***** INPUT FOR THIS TASK
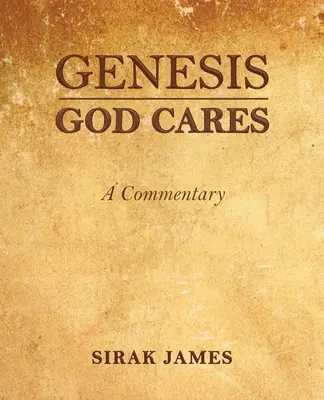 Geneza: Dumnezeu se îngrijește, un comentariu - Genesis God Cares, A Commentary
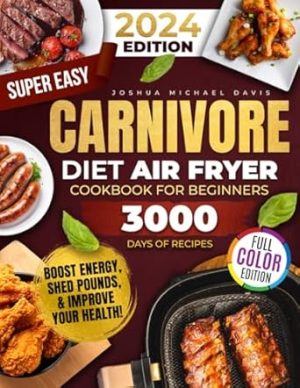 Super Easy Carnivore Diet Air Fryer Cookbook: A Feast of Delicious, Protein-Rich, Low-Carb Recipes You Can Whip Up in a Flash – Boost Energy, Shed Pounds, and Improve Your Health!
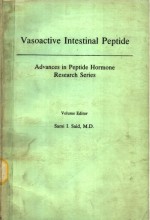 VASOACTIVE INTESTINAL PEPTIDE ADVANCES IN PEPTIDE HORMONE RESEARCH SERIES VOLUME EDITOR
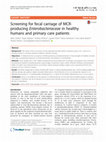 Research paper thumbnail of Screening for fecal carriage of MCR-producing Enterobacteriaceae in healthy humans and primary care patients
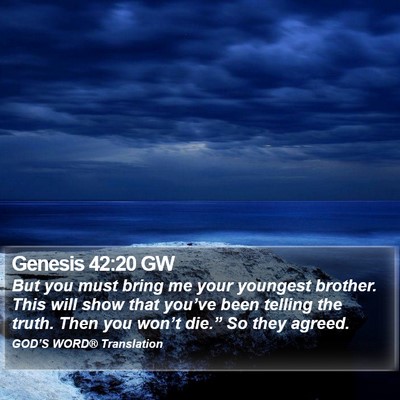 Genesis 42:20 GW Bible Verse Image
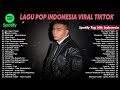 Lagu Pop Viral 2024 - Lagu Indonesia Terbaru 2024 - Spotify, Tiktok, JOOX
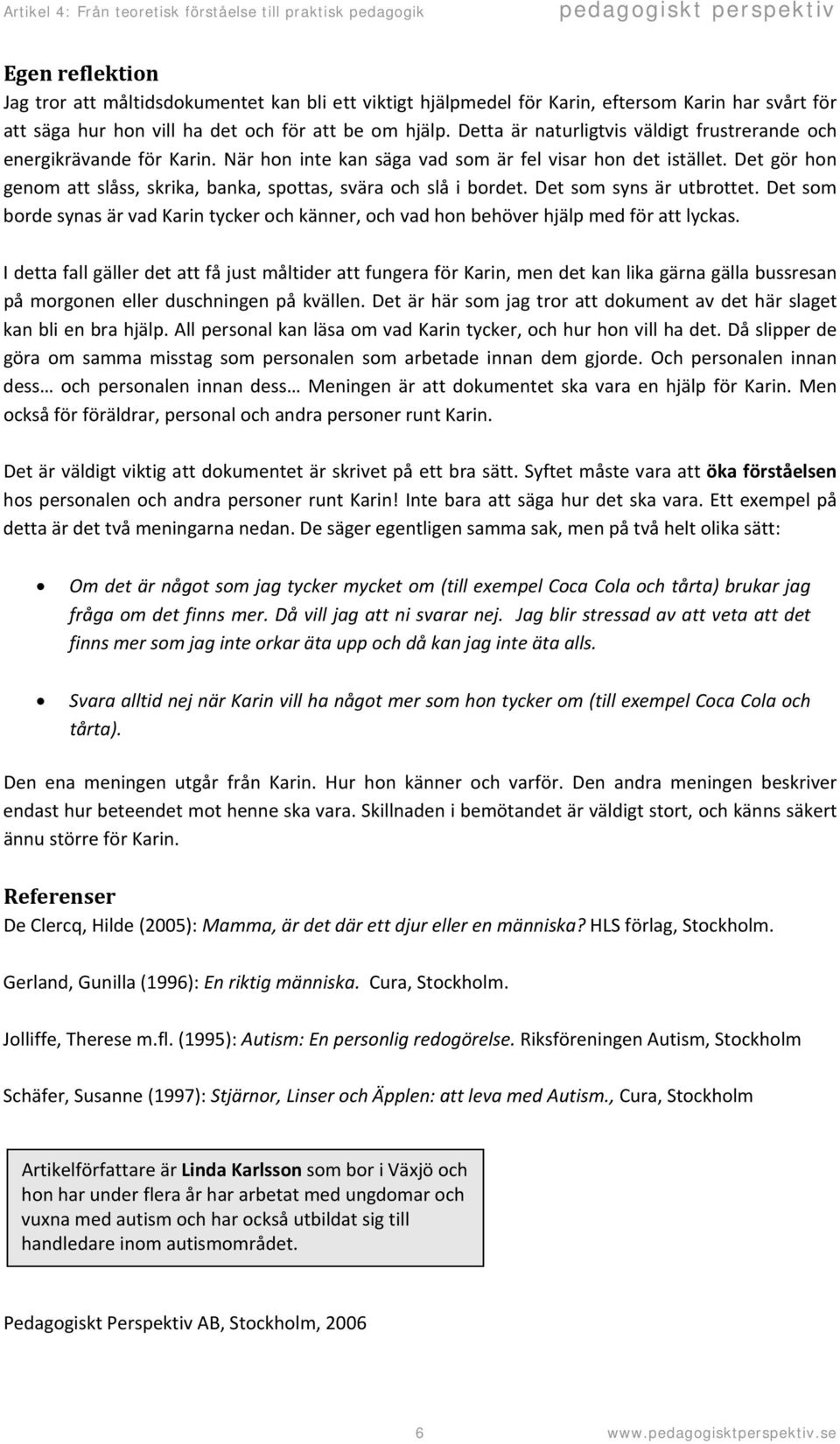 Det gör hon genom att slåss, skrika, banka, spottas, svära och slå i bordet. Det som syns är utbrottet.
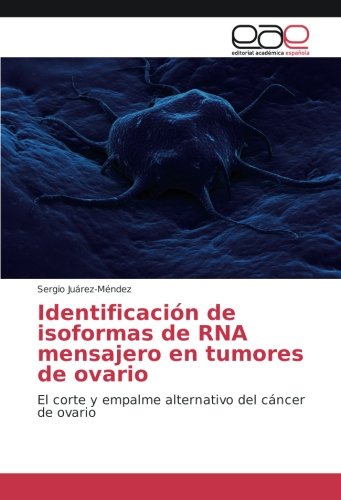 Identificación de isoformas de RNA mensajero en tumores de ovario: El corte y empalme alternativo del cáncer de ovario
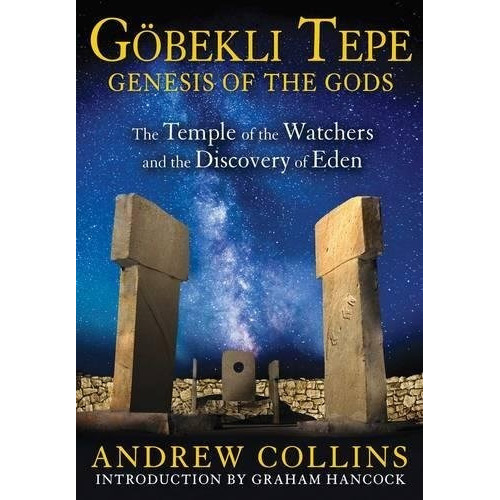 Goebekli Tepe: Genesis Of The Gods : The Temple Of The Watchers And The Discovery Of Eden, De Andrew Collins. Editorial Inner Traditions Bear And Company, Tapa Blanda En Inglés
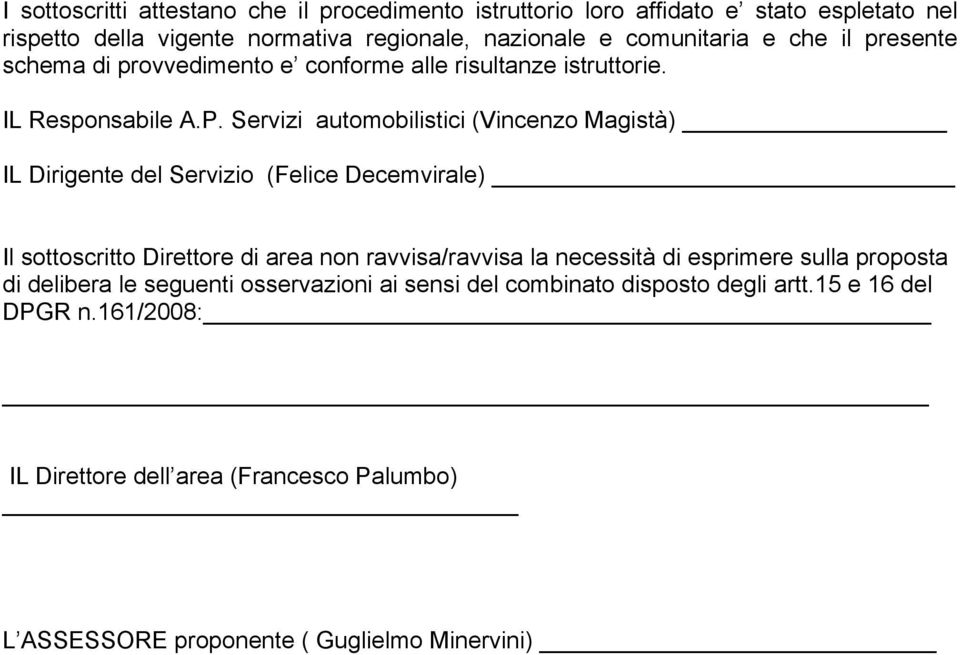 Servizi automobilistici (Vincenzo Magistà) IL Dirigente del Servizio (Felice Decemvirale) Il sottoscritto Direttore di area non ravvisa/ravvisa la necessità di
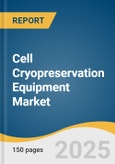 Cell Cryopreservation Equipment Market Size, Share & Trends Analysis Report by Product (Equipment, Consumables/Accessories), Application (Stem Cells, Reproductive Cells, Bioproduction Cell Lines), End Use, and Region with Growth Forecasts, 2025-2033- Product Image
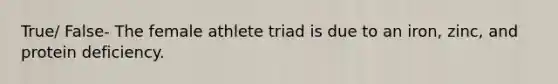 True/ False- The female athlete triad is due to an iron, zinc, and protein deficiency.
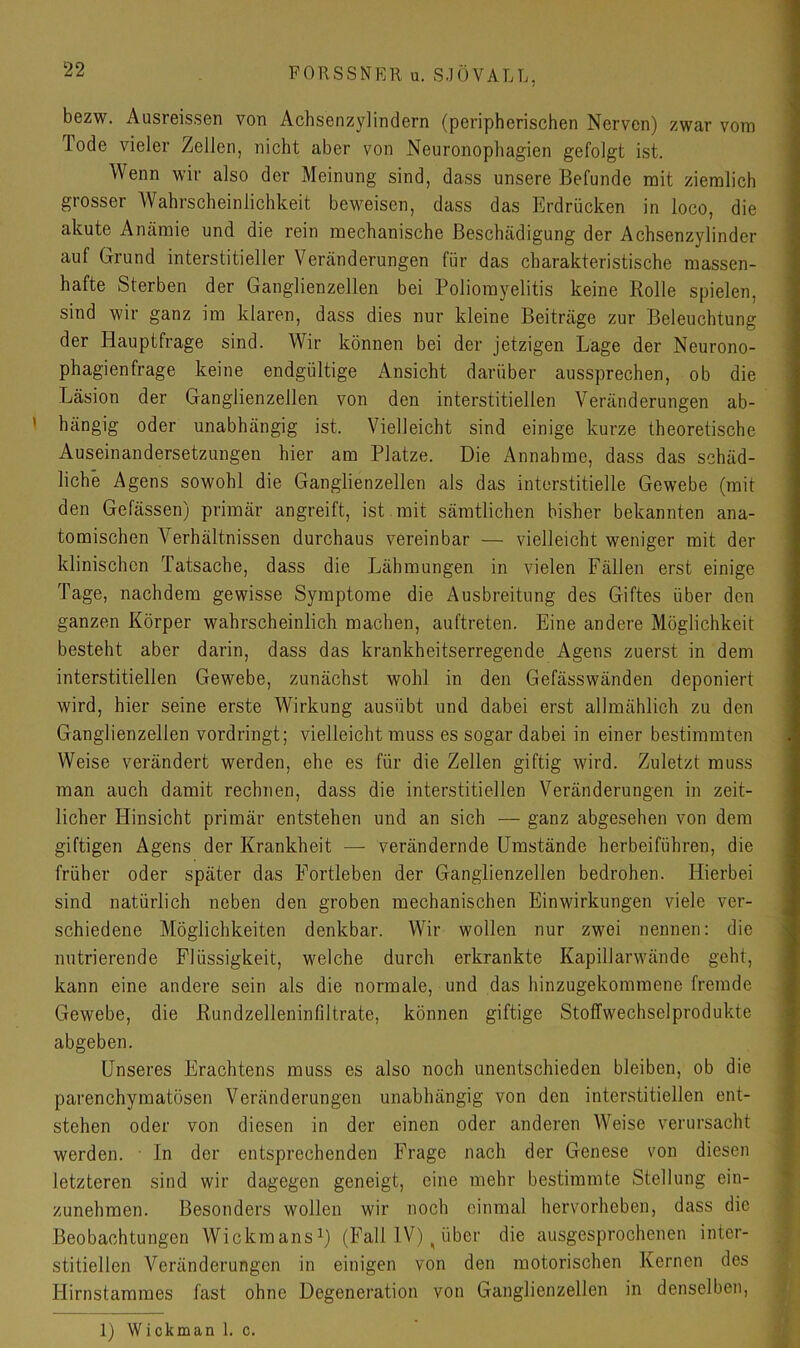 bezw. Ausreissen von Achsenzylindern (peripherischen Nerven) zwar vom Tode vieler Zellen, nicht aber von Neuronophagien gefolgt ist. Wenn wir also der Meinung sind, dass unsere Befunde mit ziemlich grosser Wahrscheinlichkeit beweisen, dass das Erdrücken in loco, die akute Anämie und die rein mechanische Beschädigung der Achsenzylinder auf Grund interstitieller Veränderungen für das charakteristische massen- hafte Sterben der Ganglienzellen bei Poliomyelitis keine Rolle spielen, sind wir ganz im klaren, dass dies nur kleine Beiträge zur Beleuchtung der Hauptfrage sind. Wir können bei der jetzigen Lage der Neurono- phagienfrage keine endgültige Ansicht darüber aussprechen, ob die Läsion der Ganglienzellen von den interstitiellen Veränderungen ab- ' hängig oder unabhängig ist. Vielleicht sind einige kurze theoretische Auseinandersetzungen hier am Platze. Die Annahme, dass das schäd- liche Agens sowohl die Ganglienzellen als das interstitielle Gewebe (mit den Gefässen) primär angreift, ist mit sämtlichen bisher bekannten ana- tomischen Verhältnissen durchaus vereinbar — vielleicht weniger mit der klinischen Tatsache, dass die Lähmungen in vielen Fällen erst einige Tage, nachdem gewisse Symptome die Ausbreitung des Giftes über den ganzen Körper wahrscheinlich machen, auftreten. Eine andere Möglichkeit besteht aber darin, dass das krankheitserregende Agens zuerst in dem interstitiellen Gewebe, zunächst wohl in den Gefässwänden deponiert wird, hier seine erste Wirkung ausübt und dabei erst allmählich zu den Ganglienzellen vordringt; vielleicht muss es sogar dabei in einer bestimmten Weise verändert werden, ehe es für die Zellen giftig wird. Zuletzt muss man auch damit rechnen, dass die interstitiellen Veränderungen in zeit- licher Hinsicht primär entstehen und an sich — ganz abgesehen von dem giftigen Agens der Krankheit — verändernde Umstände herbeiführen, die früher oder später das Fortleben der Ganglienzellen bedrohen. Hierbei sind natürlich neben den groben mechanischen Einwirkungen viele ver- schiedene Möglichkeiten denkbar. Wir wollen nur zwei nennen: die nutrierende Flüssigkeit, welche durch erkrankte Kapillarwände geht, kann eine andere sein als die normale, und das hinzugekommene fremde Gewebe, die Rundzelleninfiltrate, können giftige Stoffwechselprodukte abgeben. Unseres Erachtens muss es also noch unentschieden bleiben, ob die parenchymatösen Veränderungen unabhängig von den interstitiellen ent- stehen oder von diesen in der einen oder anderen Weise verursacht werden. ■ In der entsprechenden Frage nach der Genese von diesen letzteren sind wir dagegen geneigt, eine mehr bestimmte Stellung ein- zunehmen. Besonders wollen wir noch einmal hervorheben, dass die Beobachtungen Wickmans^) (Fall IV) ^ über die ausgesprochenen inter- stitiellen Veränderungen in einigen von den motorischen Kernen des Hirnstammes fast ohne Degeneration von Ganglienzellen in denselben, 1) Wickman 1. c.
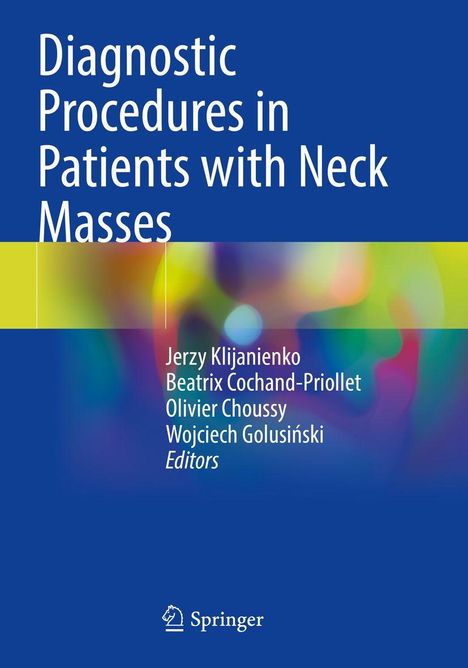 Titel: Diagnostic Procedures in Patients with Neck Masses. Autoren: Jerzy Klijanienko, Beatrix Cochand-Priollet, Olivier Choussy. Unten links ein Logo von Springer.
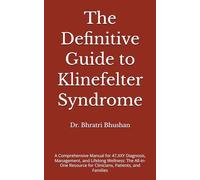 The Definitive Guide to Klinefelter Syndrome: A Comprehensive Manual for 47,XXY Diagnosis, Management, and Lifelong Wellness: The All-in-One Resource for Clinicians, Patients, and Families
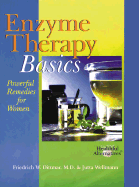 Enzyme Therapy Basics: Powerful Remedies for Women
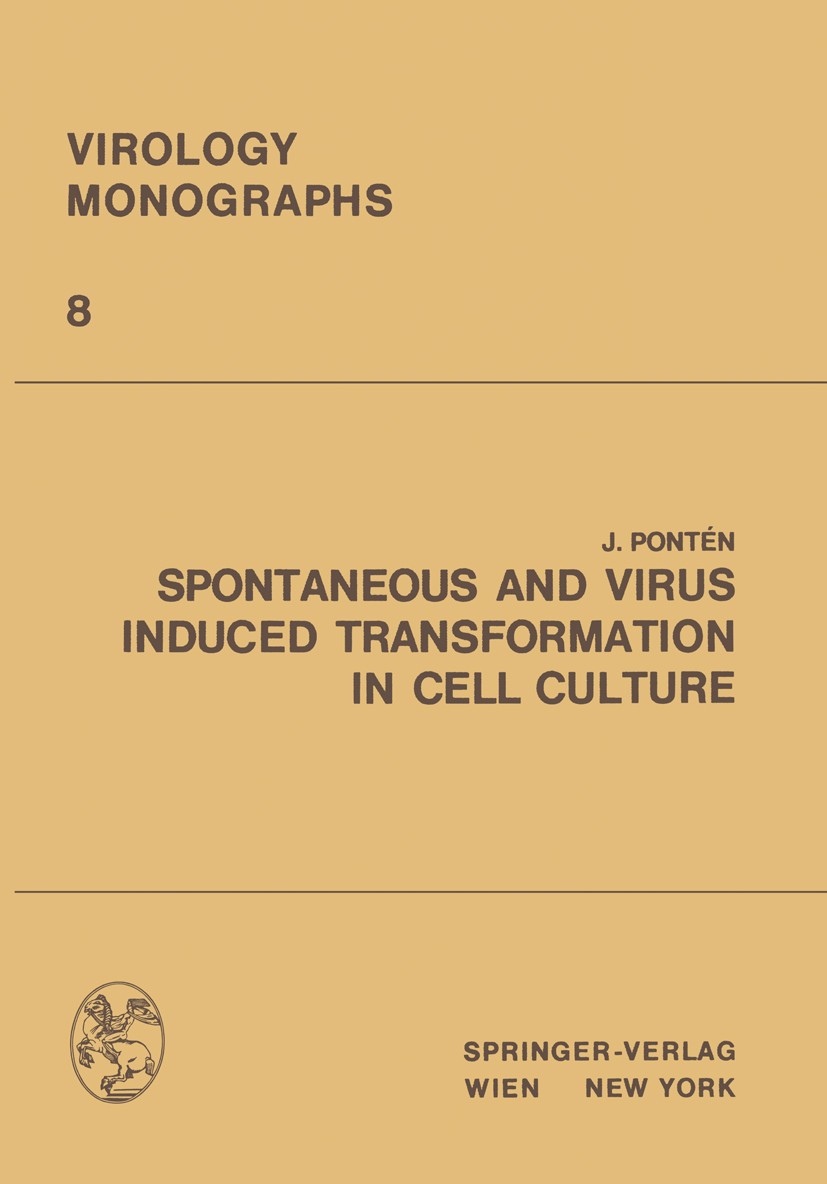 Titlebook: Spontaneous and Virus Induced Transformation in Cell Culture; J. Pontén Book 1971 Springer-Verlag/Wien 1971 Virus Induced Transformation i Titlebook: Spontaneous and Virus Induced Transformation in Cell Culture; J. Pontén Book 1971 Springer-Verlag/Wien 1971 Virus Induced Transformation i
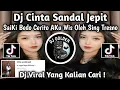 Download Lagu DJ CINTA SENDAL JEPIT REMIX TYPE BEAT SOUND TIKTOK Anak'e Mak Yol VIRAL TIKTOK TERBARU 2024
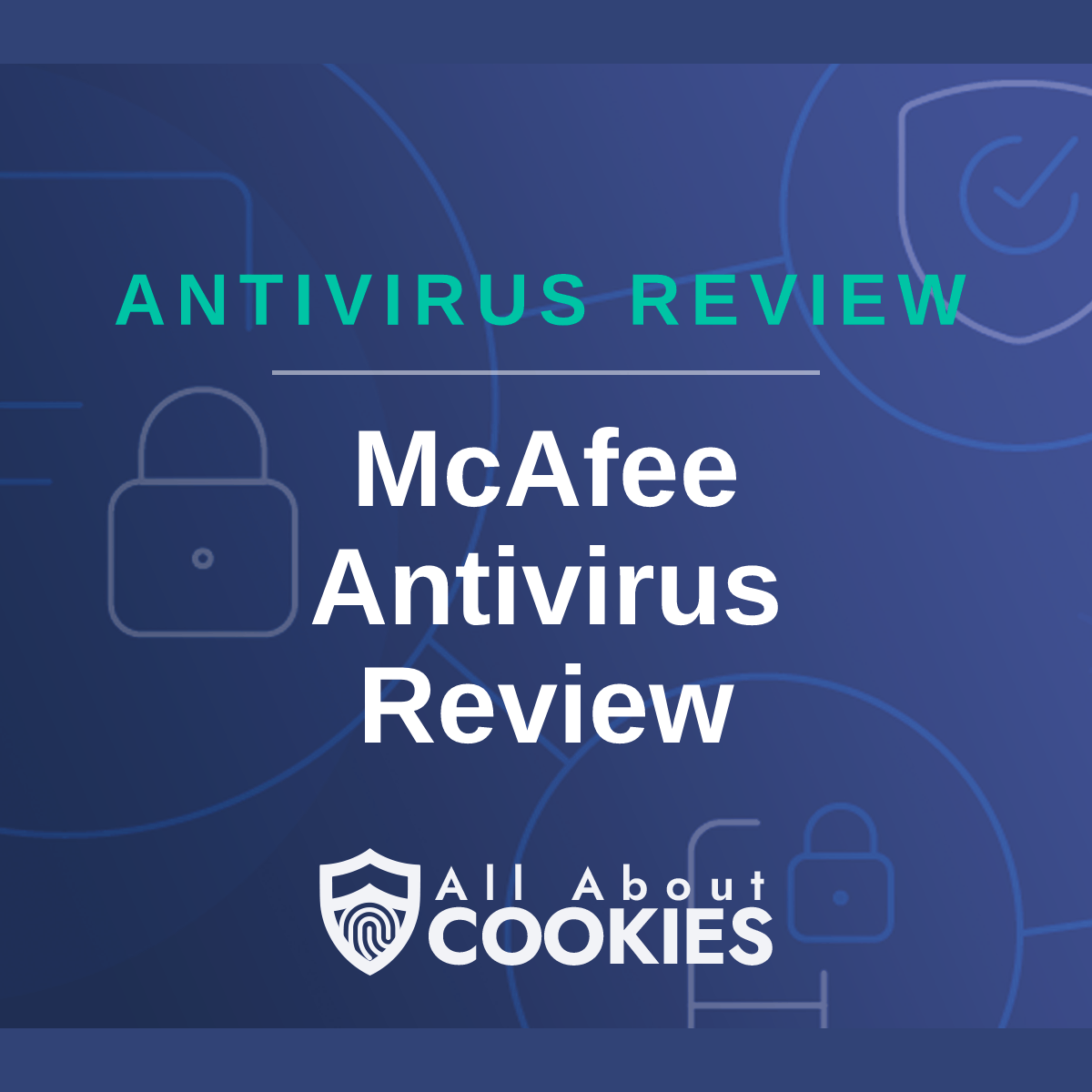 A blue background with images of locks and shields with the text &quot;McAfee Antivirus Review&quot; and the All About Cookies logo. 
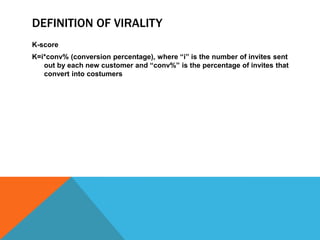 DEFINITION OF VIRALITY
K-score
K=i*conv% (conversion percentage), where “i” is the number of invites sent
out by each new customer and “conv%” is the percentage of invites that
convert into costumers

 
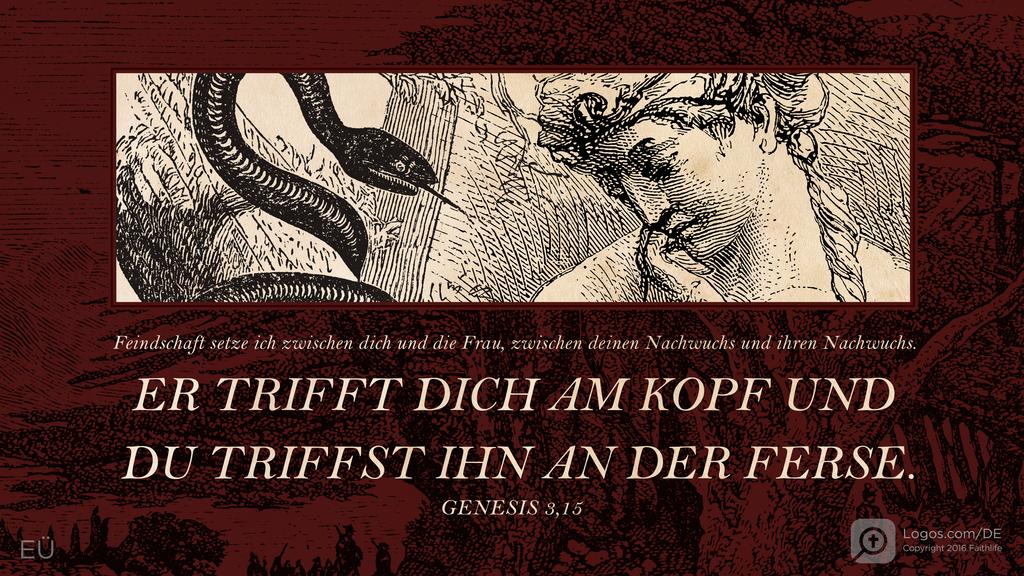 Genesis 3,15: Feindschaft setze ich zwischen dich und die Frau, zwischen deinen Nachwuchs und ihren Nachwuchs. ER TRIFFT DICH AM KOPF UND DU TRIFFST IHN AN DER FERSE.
**********
* PROBLEM DESCRIPTION
Show the lines of the listing above with "invites".

* ANSWER BOX
K=i*conv% (conversion percentage), where “i” is the number of invites sent
out by each new customer and “conv%” is the percentage of invites that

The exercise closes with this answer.